WHAT TO DO:
Please retype the records below exactly as they appear, but leave out the pictures.

Stored data:
---*---

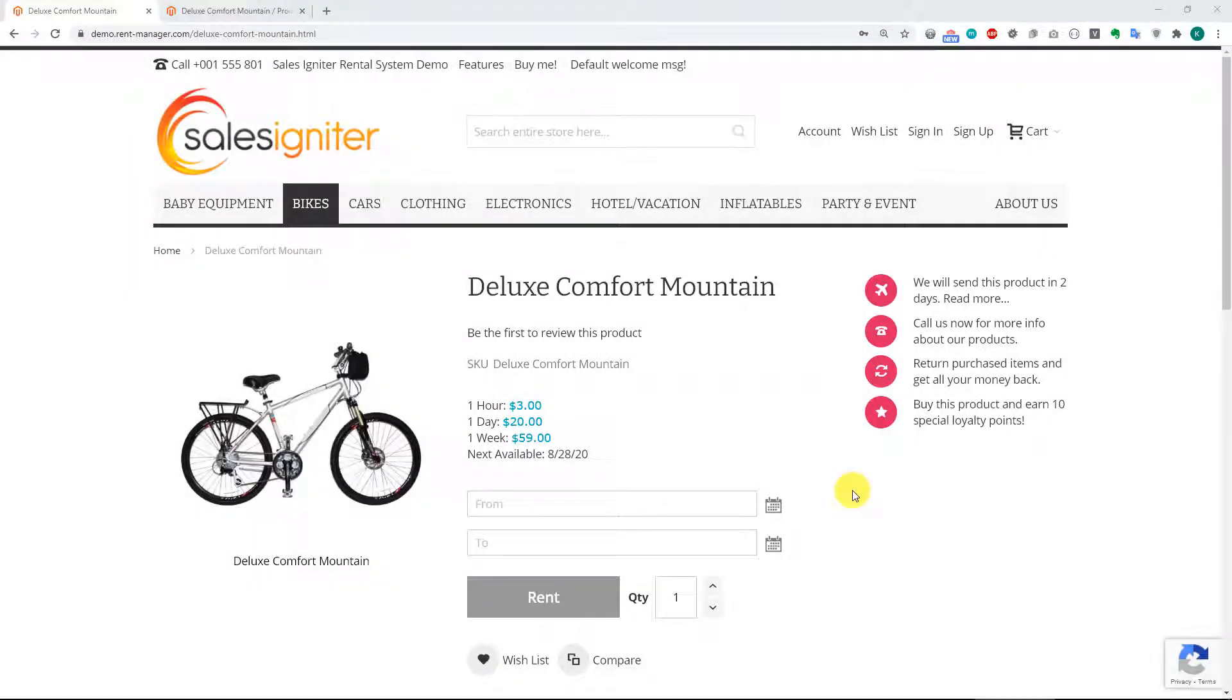All right, thanks for joining us for today's screencast. We're going to be going over different calendar type options for your rental products, and we'll start with just the regular calendar.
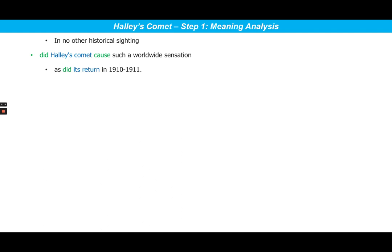Then we read the last part: 'as did its return in 1910–1911.' So surely we have a comparison here. The last part of the sentence completes that comparison by saying that Halley's Comet's return created a worldwide sensation in 1910 and 1911. So the comparison is actually between the action done by Halley's Comet and its return in 1910–1911.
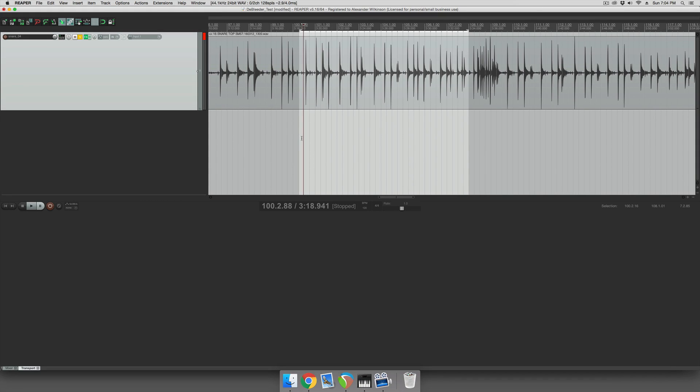Hey guys, this is Alex from Wilkinson Audio. I'm going to quickly show you how to set up the Debleeder plug-in. So I have a snare track here.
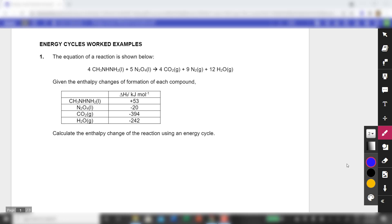I'm going to debrief the energy cycles work examples in the worksheet which I gave out last week. I've mentioned question 1, but for those of you who didn't quite catch it, I'm just going to redo it.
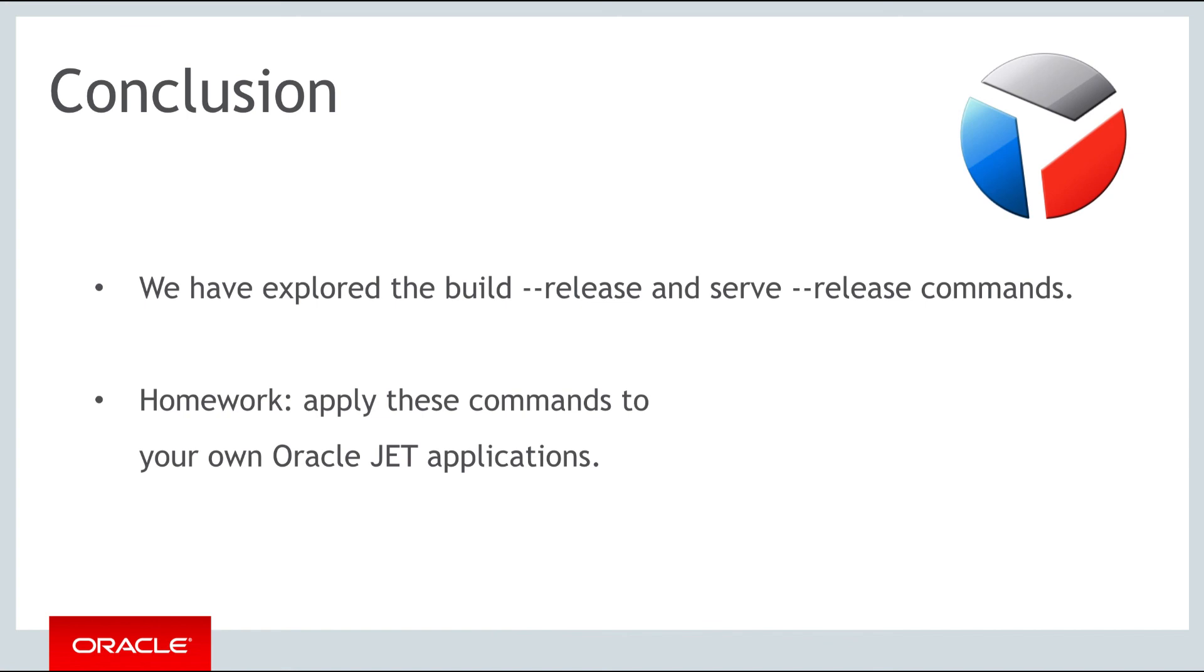And with that as always thank you for participating in the course on JET and we look forward to seeing you in the very final part where we will wrap up the course.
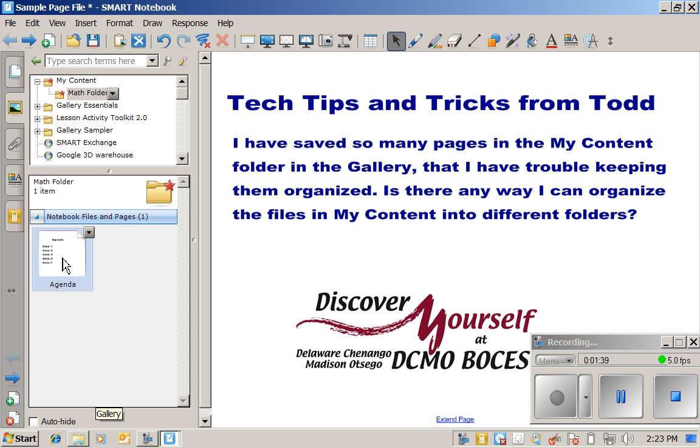So you'll see it's very easy to create new folders and drag items from one folder to another. Hope this helps!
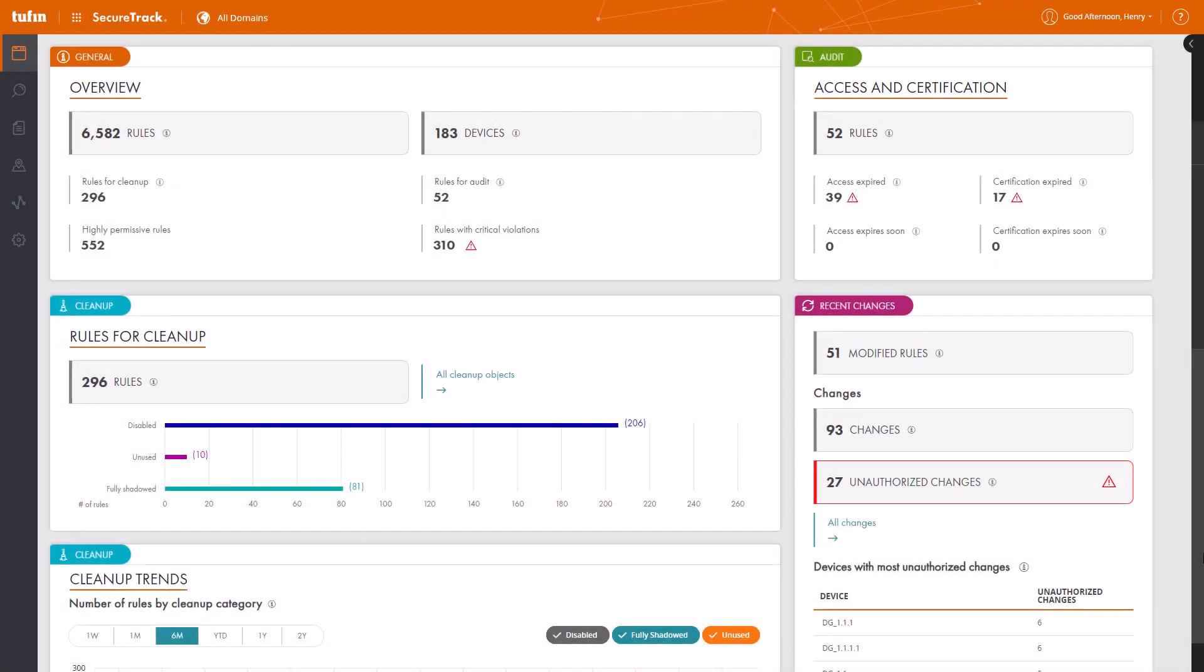In today's world security breaches can happen to anyone. How can you accelerate your security audit and compliance efforts when you need it the most?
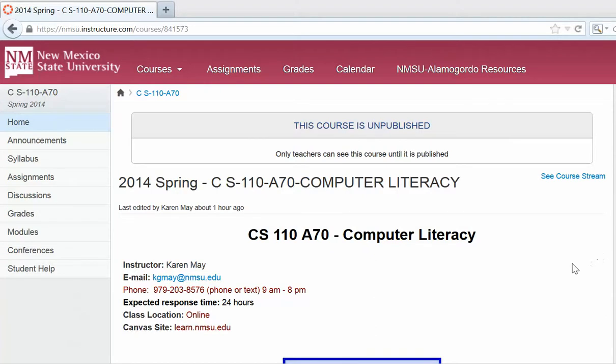This video is to demonstrate and discuss our course CS110A70, Computer Literacy. This is an eight-week course for three hours of credit.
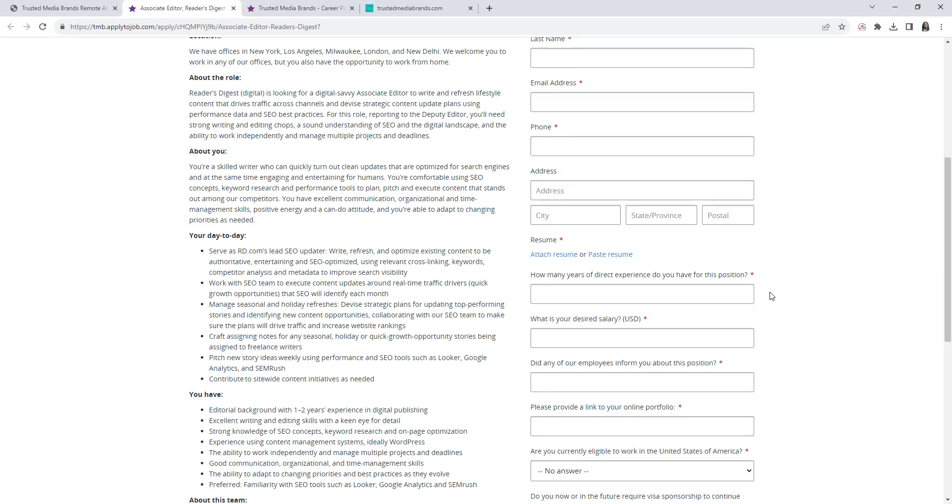Work with the company's team to execute content updates around real-time traffic drivers, manage seasonal and holiday refreshers, devise strategic plans for updating top performing stories and identifying new content opportunities, collaborating with the team to make sure the plans will drive traffic and increase website rankings, craft assigning notes for any season, holiday, quick growth opportunity stories being assigned to freelance writers, pitch new story ideas weekly using performance and SEO tools such as Looker, Google Analytics, and SEMrush.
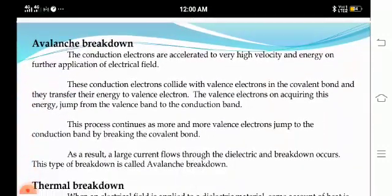Next, avalanche breakdown. The conduction electrons are accelerated to very high velocity and energy on further application of electric field. The conduction electrons collide with valence electrons in the covalent bond and transfer their energy to valence electrons. The valence electrons acquiring this energy jump from the valence band to the conduction band. This process continues as more and more valence electrons jump to the conduction band, so a large current flows through the dielectric and breakdown occurs. This type of breakdown is called avalanche breakdown.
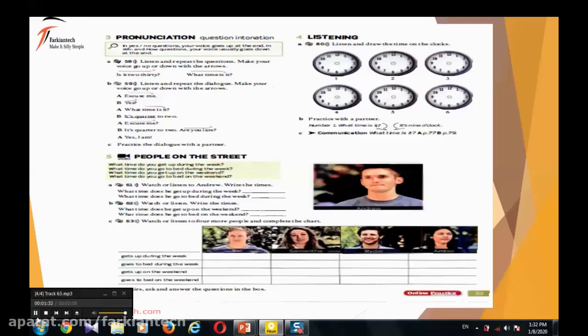What time do you go to bed during the week? During the week I usually get up around 8 a.m. What time do you go to bed during the week? I usually go to bed during the week at around 11 p.m. What time do you get up on the weekend? On the weekends it usually depends, but I try to get up around 10 a.m. What time do you go to bed on the weekend? Depending on the night, probably around 1 or 2 a.m.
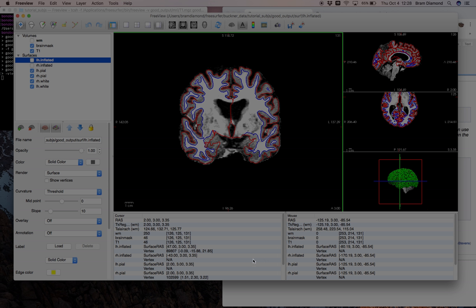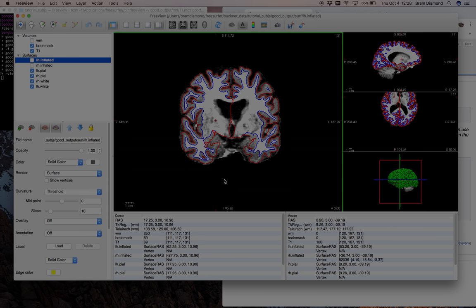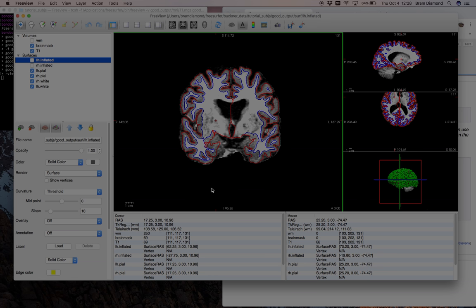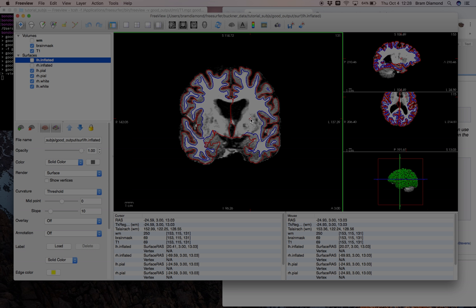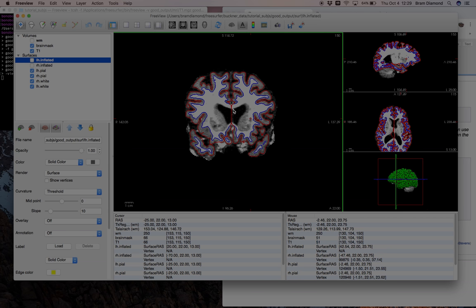Next we have the information panel at the bottom, useful for viewing information about each volume at the red crosshair or cursor position. If we move the red crosshair, we see the brain mask has an intensity of 69, and the coordinates in FreeSurfer space are 111, 117, 131. The right side shows the actual mouse position, changing as you move around. This is useful for copying or editing coordinates to report for a paper, or to quickly jump to a certain location — for example, typing coronal slice 150 and pressing enter will jump you there.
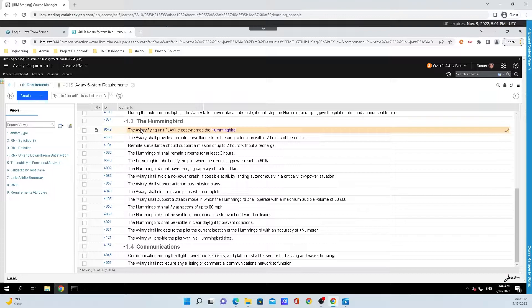Unlike a traditional document, however, in Doors Next, requirements are reusable and can be used in multiple modules, removing the need to copy and paste requirements.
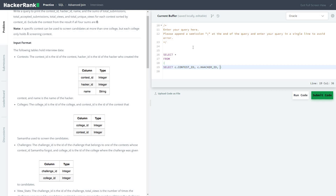We will use NVL because there could be a situation where values are not present, in which case the sum would become null. We don't want to display null — instead we're going to display zero. We'll reference b.ts_id, c.name, and use SUM with NVL wrapping each aggregation.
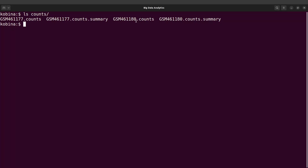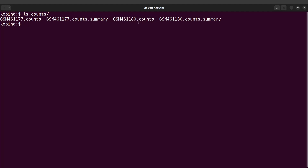Now let me mention that the outputs — the counts we have — include both the summary and the main counts files. You can visualize these using spreadsheet software, which I will show you how to do. But first, let's look at a summary for sample 461180. I'll do a head command on it.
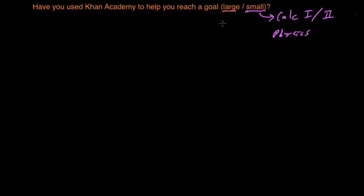I think Khan Academy has been really instrumental in allowing me to accomplish that goal. That's one large goal that Khan Academy has helped me achieve.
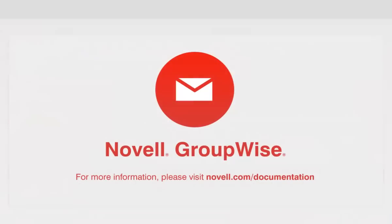Your workday often revolves around sending and receiving email, and GroupWise 2014 makes your email more useful, efficient, and meaningful. To learn more about Novell GroupWise, please visit novell.com/documentation. Thanks for watching.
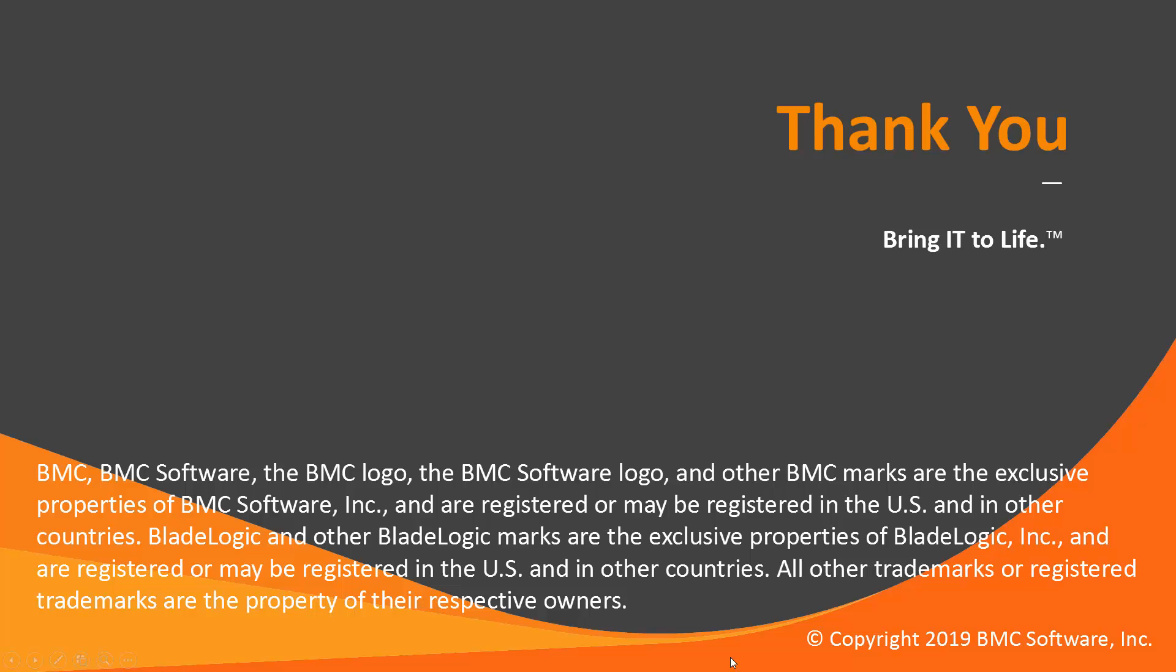This concludes this video. Please visit our YouTube channel for more videos like this. Thank you!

---*---

EXERCISE RESULT:
All right, thanks for joining us for today's screencast. We're going to be going over different calendar type options for your rental products, and we'll start with just the regular calendar.
Then we read the last part: 'as did its return in 1910–1911.' So surely we have a comparison here. The last part of the sentence completes that comparison by saying that Halley's Comet's return created a worldwide sensation in 1910 and 1911. So the comparison is actually between the action done by Halley's Comet and its return in 1910–1911.
Hey guys, this is Alex from Wilkinson Audio. I'm going to quickly show you how to set up the Debleeder plug-in. So I have a snare track here.
I'm going to debrief the energy cycles work examples in the worksheet which I gave out last week. I've mentioned question 1, but for those of you who didn't quite catch it, I'm just going to redo it.
And with that as always thank you for participating in the course on JET and we look forward to seeing you in the very final part where we will wrap up the course.
So you'll see it's very easy to create new folders and drag items from one folder to another. Hope this helps!
In today's world security breaches can happen to anyone. How can you accelerate your security audit and compliance efforts when you need it the most?
This video is to demonstrate and discuss our course CS110A70, Computer Literacy. This is an eight-week course for three hours of credit.
Work with the company's team to execute content updates around real-time traffic drivers, manage seasonal and holiday refreshers, devise strategic plans for updating top performing stories and identifying new content opportunities, collaborating with the team to make sure the plans will drive traffic and increase website rankings, craft assigning notes for any season, holiday, quick growth opportunity stories being assigned to freelance writers, pitch new story ideas weekly using performance and SEO tools such as Looker, Google Analytics, and SEMrush.
Next, avalanche breakdown. The conduction electrons are accelerated to very high velocity and energy on further application of electric field. The conduction electrons collide with valence electrons in the covalent bond and transfer their energy to valence electrons. The valence electrons acquiring this energy jump from the valence band to the conduction band. This process continues as more and more valence electrons jump to the conduction band, so a large current flows through the dielectric and breakdown occurs. This type of breakdown is called avalanche breakdown.
What time do you go to bed during the week? During the week I usually get up around 8 a.m. What time do you go to bed during the week? I usually go to bed during the week at around 11 p.m. What time do you get up on the weekend? On the weekends it usually depends, but I try to get up around 10 a.m. What time do you go to bed on the weekend? Depending on the night, probably around 1 or 2 a.m.
Next we have the information panel at the bottom, useful for viewing information about each volume at the red crosshair or cursor position. If we move the red crosshair, we see the brain mask has an intensity of 69, and the coordinates in FreeSurfer space are 111, 117, 131. The right side shows the actual mouse position, changing as you move around. This is useful for copying or editing coordinates to report for a paper, or to quickly jump to a certain location — for example, typing coronal slice 150 and pressing enter will jump you there.
Unlike a traditional document, however, in Doors Next, requirements are reusable and can be used in multiple modules, removing the need to copy and paste requirements.
We will use NVL because there could be a situation where values are not present, in which case the sum would become null. We don't want to display null — instead we're going to display zero. We'll reference b.ts_id, c.name, and use SUM with NVL wrapping each aggregation.
Now let me mention that the outputs — the counts we have — include both the summary and the main counts files. You can visualize these using spreadsheet software, which I will show you how to do. But first, let's look at a summary for sample 461180. I'll do a head command on it.
I think Khan Academy has been really instrumental in allowing me to accomplish that goal. That's one large goal that Khan Academy has helped me achieve.
Your workday often revolves around sending and receiving email, and GroupWise 2014 makes your email more useful, efficient, and meaningful. To learn more about Novell GroupWise, please visit novell.com/documentation. Thanks for watching.
This concludes this video. Please visit our YouTube channel for more videos like this. Thank you!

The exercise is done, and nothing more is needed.